O fato é que no Brasil, semelhante a outras partes do mundo, ações de prevenção
e de tratamento devem ser implementadas para diminuir os números elevados de
acidentes fatais nas estradas. Cada país está em uma etapa diferente na escala
desta longa empreitada. Seus administradores são responsáveis pela
implementação de medidas que se adaptem a cada uma de suas culturas e alcance
econômico, entre outros pontos.
Concordo que a análise de drogas em amostras de cabelo possam fazer parte do
processo de renovação da carteira de motoristas, porém também acho que a
análise de drogas e álcool em amostras de cabelo não deve ser utilizada
isoladamente, mas em associação a um conjunto de avaliações clínicas e
outros testes específicos aos casos relacionados tanto ao uso do álcool bem
como para drogas ilícitas e medicamentos. Não existe uma fórmula
mágica que possa abranger todas as situações, mas um conjunto
de ferramentas.
No
Brasil esses trabalhos administrativos e discussões já começaram o que é um bom
sinal.
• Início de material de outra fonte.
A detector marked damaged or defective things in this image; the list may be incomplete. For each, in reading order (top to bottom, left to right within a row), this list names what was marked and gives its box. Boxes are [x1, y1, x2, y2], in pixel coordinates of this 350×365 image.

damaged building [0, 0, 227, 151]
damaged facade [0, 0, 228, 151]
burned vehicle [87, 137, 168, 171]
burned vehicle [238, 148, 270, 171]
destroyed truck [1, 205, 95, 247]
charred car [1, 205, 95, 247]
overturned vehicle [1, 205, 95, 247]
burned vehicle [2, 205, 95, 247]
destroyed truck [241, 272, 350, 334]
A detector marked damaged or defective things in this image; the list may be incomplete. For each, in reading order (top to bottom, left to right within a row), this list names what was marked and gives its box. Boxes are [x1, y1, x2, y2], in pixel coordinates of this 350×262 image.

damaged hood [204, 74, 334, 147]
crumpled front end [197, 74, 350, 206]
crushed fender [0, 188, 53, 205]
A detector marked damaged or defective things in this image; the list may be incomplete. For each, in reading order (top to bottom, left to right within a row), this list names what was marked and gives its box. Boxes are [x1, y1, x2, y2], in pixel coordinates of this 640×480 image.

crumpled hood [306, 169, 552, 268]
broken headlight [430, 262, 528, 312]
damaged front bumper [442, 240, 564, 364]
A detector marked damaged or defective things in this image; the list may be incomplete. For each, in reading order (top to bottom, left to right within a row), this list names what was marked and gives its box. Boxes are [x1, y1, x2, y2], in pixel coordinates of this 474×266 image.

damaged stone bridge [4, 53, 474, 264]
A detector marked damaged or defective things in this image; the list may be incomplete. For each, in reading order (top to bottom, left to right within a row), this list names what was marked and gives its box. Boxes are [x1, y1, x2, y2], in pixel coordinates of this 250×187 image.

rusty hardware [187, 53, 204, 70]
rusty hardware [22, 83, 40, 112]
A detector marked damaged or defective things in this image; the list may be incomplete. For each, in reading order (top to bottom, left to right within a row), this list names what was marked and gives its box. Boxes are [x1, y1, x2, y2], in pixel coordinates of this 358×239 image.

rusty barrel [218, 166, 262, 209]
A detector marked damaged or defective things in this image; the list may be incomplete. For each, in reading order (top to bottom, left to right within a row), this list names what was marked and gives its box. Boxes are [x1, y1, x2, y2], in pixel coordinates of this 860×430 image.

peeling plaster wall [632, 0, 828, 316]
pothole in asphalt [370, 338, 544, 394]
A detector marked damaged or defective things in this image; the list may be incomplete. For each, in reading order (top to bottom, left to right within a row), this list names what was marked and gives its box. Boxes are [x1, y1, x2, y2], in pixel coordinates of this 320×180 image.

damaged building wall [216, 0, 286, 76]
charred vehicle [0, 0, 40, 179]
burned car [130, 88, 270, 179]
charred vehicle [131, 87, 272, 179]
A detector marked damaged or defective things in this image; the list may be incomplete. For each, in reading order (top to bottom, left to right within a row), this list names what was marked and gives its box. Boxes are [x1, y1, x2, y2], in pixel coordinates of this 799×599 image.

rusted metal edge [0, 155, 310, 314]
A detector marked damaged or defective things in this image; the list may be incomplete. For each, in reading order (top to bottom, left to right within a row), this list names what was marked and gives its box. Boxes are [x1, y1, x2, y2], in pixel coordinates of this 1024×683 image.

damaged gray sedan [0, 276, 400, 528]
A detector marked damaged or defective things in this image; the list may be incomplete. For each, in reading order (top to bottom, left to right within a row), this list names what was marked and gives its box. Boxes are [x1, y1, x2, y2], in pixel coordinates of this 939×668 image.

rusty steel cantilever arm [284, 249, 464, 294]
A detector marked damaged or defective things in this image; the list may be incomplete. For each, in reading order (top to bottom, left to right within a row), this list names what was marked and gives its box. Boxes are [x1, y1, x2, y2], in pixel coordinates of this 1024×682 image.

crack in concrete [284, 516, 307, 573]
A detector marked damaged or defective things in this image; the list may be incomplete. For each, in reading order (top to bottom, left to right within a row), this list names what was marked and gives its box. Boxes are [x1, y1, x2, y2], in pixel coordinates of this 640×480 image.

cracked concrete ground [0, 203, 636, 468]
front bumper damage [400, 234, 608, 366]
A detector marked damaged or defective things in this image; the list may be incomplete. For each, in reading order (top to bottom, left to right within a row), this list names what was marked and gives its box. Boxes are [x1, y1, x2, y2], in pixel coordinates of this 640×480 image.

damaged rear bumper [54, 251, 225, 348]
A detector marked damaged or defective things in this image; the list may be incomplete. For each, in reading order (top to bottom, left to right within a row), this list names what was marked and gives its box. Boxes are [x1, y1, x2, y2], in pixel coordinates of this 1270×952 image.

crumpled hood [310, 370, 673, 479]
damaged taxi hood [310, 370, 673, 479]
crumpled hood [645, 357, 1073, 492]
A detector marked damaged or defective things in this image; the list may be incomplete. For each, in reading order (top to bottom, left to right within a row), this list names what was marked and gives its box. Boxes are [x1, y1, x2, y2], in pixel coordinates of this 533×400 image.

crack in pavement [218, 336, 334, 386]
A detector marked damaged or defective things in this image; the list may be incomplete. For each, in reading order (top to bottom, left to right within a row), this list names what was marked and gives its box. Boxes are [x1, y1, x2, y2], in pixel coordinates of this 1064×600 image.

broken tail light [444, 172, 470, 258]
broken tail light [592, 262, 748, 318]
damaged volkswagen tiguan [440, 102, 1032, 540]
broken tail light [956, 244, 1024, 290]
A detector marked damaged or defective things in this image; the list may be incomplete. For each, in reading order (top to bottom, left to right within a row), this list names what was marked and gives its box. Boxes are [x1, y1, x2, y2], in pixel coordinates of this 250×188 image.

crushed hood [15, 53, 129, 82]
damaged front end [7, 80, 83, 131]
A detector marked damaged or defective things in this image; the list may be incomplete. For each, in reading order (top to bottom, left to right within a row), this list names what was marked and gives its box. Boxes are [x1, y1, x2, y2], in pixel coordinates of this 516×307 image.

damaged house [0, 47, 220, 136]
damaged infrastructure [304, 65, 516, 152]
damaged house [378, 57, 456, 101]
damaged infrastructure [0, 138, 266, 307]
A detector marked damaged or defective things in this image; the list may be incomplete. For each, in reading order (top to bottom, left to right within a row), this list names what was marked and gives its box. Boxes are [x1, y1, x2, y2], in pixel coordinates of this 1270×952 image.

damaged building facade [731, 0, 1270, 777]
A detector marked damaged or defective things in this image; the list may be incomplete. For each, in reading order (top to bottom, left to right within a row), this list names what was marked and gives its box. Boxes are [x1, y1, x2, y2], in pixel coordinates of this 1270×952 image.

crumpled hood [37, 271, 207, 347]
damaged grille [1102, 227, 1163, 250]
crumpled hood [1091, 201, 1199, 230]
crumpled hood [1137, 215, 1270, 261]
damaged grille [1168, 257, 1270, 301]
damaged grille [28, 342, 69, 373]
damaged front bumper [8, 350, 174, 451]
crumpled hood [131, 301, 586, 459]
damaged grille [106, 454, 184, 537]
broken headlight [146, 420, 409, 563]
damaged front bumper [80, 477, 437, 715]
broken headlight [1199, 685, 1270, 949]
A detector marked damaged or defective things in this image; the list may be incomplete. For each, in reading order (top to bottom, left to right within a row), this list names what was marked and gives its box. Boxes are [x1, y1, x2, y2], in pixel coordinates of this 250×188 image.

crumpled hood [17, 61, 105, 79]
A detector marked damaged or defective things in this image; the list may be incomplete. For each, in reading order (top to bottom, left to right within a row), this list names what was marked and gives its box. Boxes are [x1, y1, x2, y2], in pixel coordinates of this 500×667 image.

A Resolução 460 é um exemplo, porém na sua forma atual, ela
apresenta múltiplos erros textuais e de conceituação para que a sua
implementação seja viável.
Esse
trabalho de aprimoramento da resolução tem que ser um trabalho aberto, público,
envolvendo todos os especialistas relevantes relacionados às
diferentes esferas de ação, para que seu aprimoramento evolua
corretamente, nos moldes dos trabalhos já em progresso em outras partes do
mundo. Este grupo de trabalho deve ser caracterizado pelo profissionalismo e
ética dos seus integrantes. Mesmo assim não será fácil.”
Fonte: Transpo Online.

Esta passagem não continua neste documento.